▶ Exercise details
With the pictures left out, return exactly the lines from the one containing "โฮมคาเฟ่ ที่เพชรบูรณ์ บ้านสวย" through the end of the listing below.

[Start of section]

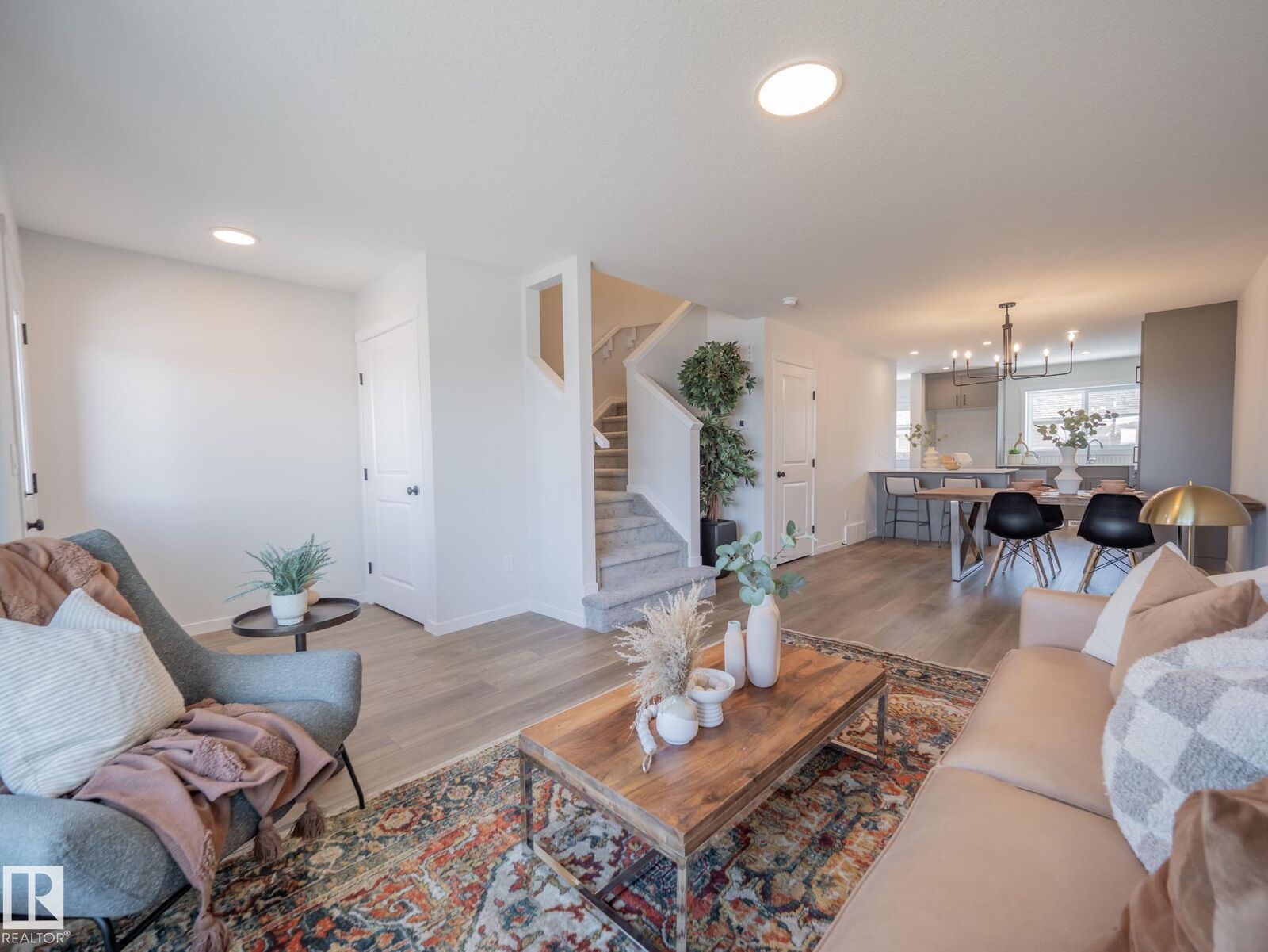 Property Photo:  5224 Schonsee Drive NW  AB T5Z 0M5 
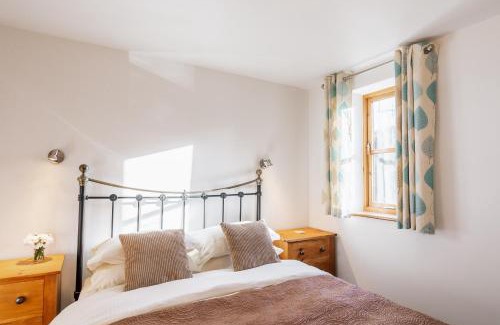 Froghall House | Travel Fox Cottages- Swimming Lake, BBQ Hut, Games Area - Alton Towers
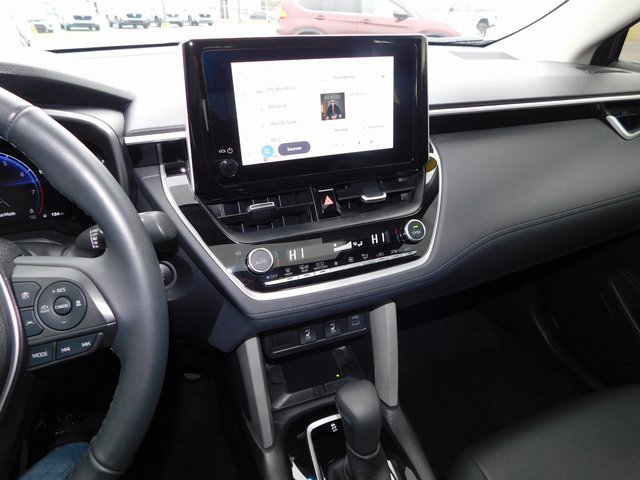 Used 2025 Toyota Corolla Cross XLE w/ Convenience Package image 42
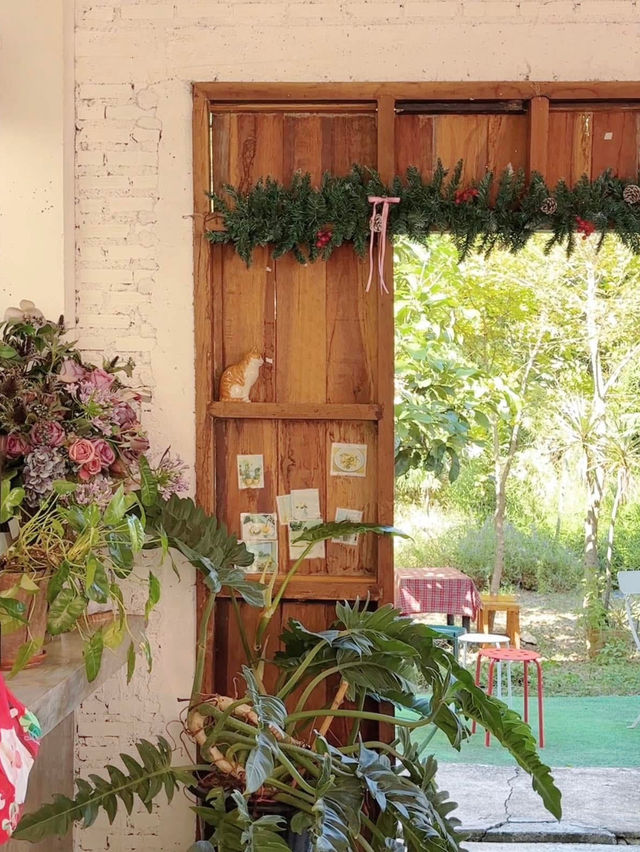 โฮมคาเฟ่ ที่เพชรบูรณ์ บ้านสวย บรรยากาศร่มรื่น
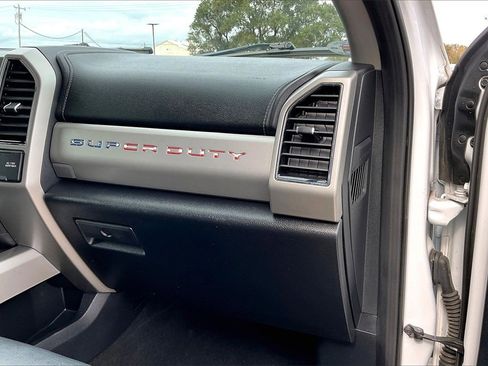 Certified 2020 Ford F250 Lariat w/ Lariat Value Package image 23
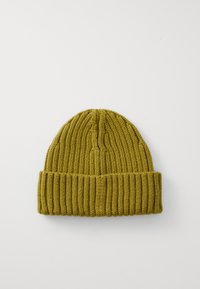 Strikket beanie i olivengrøn med ribbet tekstur og foldet kant. Har en sømløs top og blødt stof for komfort.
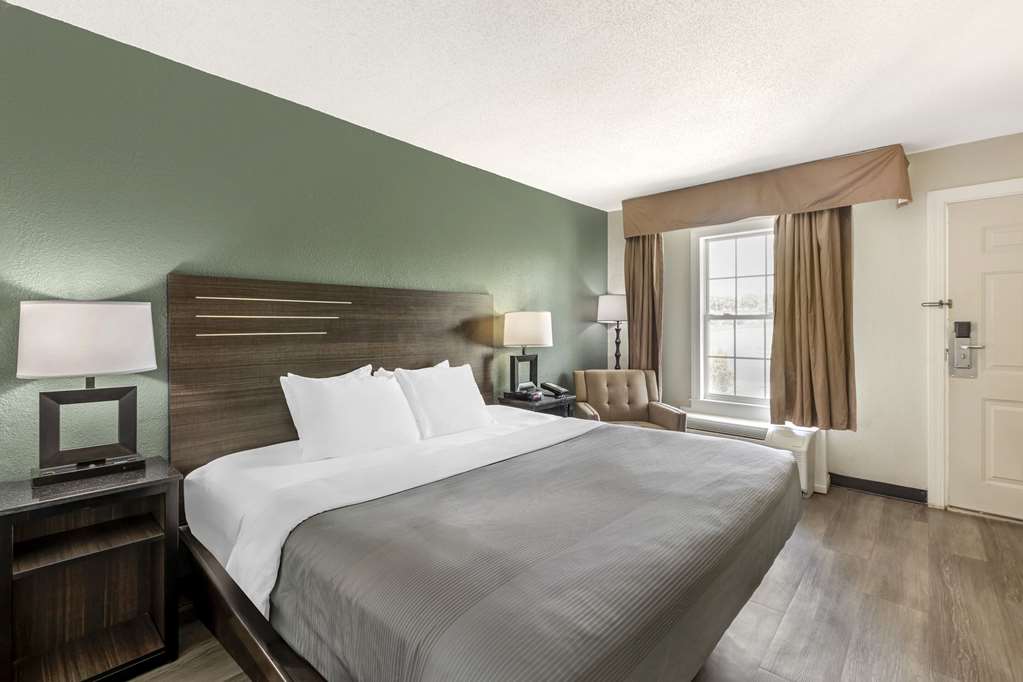 Quality Inn & Suites Santee I 95 - photo 43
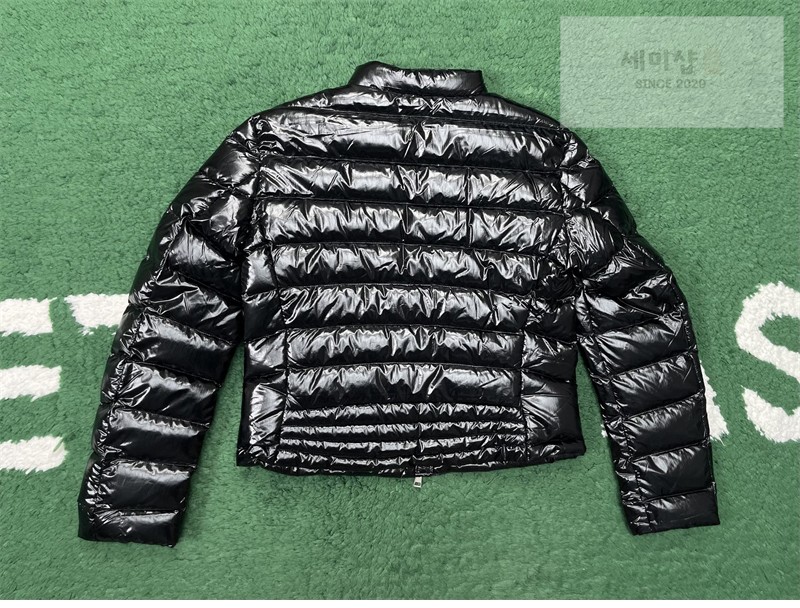 Moncler 몽클레어 Papillon 빠삐용 숏 다운 자켓 블랙 의류 8번 이미지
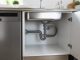 découvrez pourquoi bien raccorder l'évacuation du lave-vaisselle sur le siphon de l'évier est essentiel pour éviter les mauvaises odeurs, prévenir les fuites et assurer un fonctionnement optimal de votre installation.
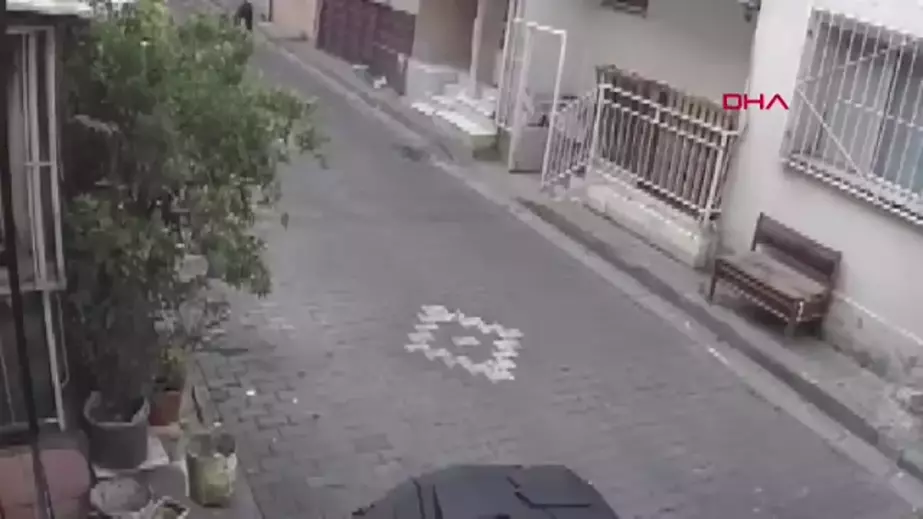 İzmir'de Motokurye Tacizi: İki Kız Çocuk Tacizine Uğradı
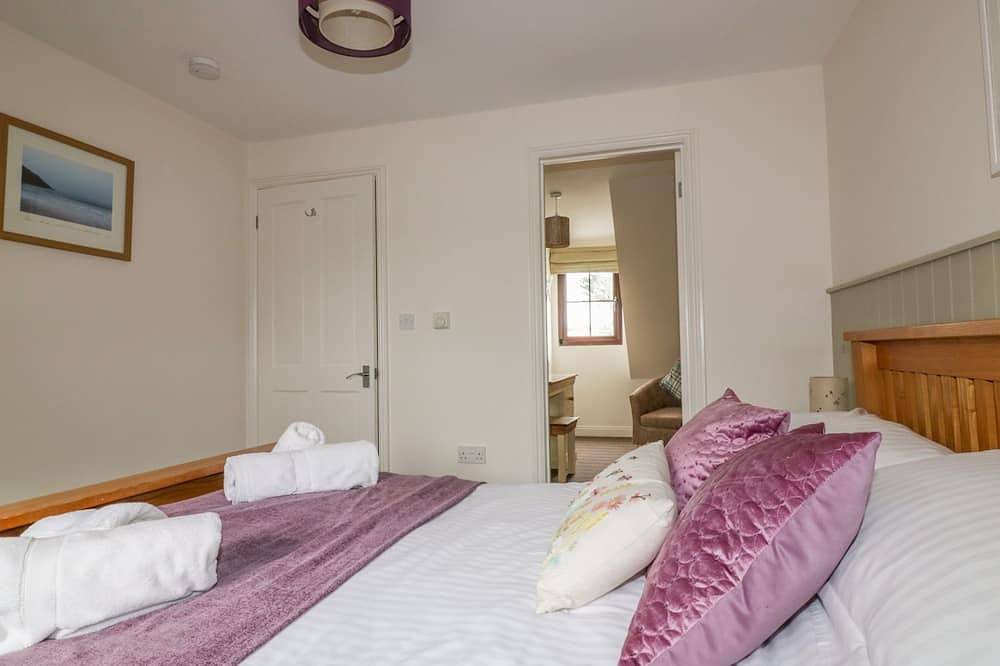 The Beach Hut, pet friendly, country holiday cottage in Crantock in Crantock, Cornwall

[End of section]

▶ Answer area
 โฮมคาเฟ่ ที่เพชรบูรณ์ บ้านสวย บรรยากาศร่มรื่น
 Certified 2020 Ford F250 Lariat w/ Lariat Value Package image 23
 Strikket beanie i olivengrøn med ribbet tekstur og foldet kant. Har en sømløs top og blødt stof for komfort.
 Quality Inn & Suites Santee I 95 - photo 43
 Moncler 몽클레어 Papillon 빠삐용 숏 다운 자켓 블랙 의류 8번 이미지
 découvrez pourquoi bien raccorder l'évacuation du lave-vaisselle sur le siphon de l'évier est essentiel pour éviter les mauvaises odeurs, prévenir les fuites et assurer un fonctionnement optimal de votre installation.
 İzmir'de Motokurye Tacizi: İki Kız Çocuk Tacizine Uğradı
 The Beach Hut, pet friendly, country holiday cottage in Crantock in Crantock, Cornwall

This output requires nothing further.